__Exercise__
Nothing but the lines below from the one holding "Batrc Lynlyn njuškaju" up to and including the one holding "Image of Brake" should be copied, exactly and without pictures.

__Data for review__
____

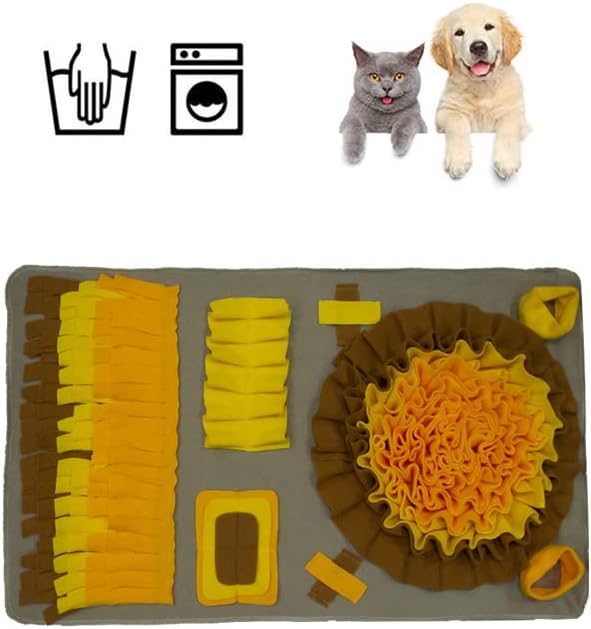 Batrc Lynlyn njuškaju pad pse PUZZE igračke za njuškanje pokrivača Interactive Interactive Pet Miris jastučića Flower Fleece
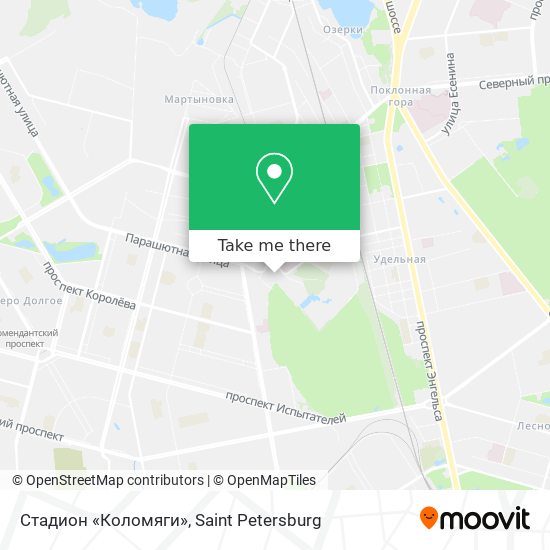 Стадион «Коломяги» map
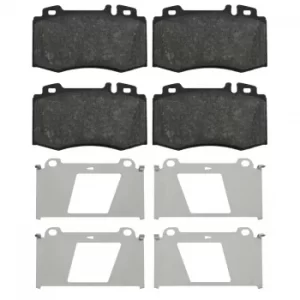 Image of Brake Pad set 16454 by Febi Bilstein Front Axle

____

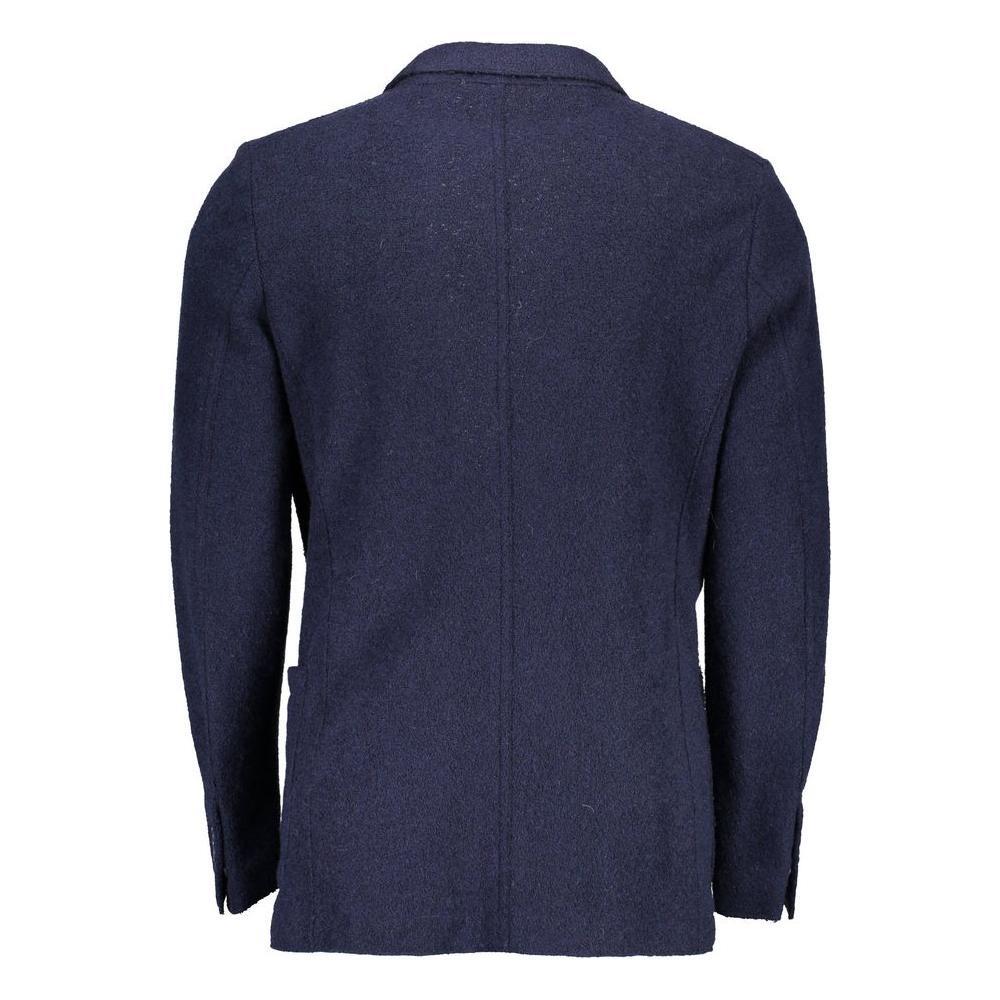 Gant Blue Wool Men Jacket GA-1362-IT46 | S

____

__Response__
 Batrc Lynlyn njuškaju pad pse PUZZE igračke za njuškanje pokrivača Interactive Interactive Pet Miris jastučića Flower Fleece
 Стадион «Коломяги» map
 Image of Brake Pad set 16454 by Febi Bilstein Front Axle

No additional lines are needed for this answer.